Uganda tells UN it does not ‘tolerate’ anti-gay conduct
Foreign Minister Sam Kutesa also blamed British colonialism for laws that remain on Uganda’s books which criminalise homosexual sex.
“We do not accept and we do tolerate any discrimination because of sexual orientation,” Kutesa said.
He was speaking at Uganda’s Universal Periodic Review (UPR), a rights council forum where world nations critique a country’s human rights record. Uganda was last reviewed in 2011.
Since then, lawmakers have passed a bill that called for life in prison for people caught having homosexual sex. It was signed by long-serving President Yoweri Museveni, although a court later struck down the law.
In a 2014 BBC interview conducted by British comedian and gay rights activist Stephen Fry, Uganda’s ethics minister Simon Lokodo said heterosexual rape was more “natural” than homosexual sex and threatened to arrest Fry.
In August, Lokodo said anyone beaten while attending a gay pride parade would be at fault for bringing the assault on themselves.

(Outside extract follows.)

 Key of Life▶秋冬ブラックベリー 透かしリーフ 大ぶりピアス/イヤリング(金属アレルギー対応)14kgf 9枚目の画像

And in September, police stormed a gay pride event in Entebbe, central Uganda, arresting most of the participants.
Kutesa told the council that Uganda was “not entirely enthusiastic about promotion” of gay rights but insisted Museveni’s government was not responsible for legislation criminalising homosexual conduct.
“There are previous laws that we inherited that relate to sexual offences,” he said.

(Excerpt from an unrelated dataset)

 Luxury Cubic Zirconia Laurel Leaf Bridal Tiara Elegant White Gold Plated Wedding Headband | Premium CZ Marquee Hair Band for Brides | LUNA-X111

He was referring to measures imposed by former colonial master Britain which ban sexual acts deemed “against the order of nature”.
Uganda has amended, scrapped or made redundant countless British colonial laws, including by drafting its own constitution.
Several European as well as North and Latin American countries took the floor to urge Uganda to eliminate laws criminalising homosexuality.
Kutesa said that ending public harassment of sexual minorities in Uganda will “take time”, noting that even in the West the fight for LGBTI rights “hasn’t come overnight”.